Your credentials are stored using the conf package, which saves configuration data in a platform-specific location:
  • macOS: ~/Library/Preferences/buttondown-cli-nodejs/
  • Linux: ~/.config/buttondown-cli-nodejs/
  • Windows: %APPDATA%\buttondown-cli-nodejs\
The configuration file stores:
apiKey
string
Your Buttondown API key used for authentication
baseUrl
string
default:"https://api.buttondown.com"
The base URL for the Buttondown API
username
string
Your Buttondown username (optional)

Getting Your API Key

To get your API key:
  1. Log in to your Buttondown account
  2. Navigate to Settings → API
  3. Copy your API key
Keep your API key secure! It provides full access to your Buttondown account.
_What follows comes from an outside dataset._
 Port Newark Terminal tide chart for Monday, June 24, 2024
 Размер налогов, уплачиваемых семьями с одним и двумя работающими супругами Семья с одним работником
Never commit it to version control or share it publicly.

Authenticating the CLI

Interactive Login

The easiest way to authenticate is using the interactive login command:
buttondown login
This will prompt you to enter your API key securely.

Non-Interactive Login

You can also provide your API key directly:
buttondown login --api-key=your-api-key-here

Changing Your API Key

If you’re already logged in and want to use a different API key:
buttondown login --force

Logging Out

To remove your stored credentials:
buttondown logout
This will delete the locally stored configuration file, requiring you to log in again before using the CLI.

Security Best Practices

1

Use environment-specific API keys

If you have multiple Buttondown accounts (e.g., production and staging), use separate API keys for each.
2

Rotate keys regularly

Periodically generate new API keys in your Buttondown settings and update the CLI configuration.
3

Keep credentials local

Never commit .buttondown.json files containing API keys to version control. The CLI stores credentials separately from your synced content.

Troubleshooting

”Unauthorized” Errors

If you receive authentication errors:
  1. Verify your API key is correct in your Buttondown settings
  2. Try logging out and logging in again:
    buttondown logout
    buttondown login
    

Configuration File Location

To find where your configuration is stored, check the platform-specific location listed above. You can manually delete this file if needed to reset your authentication.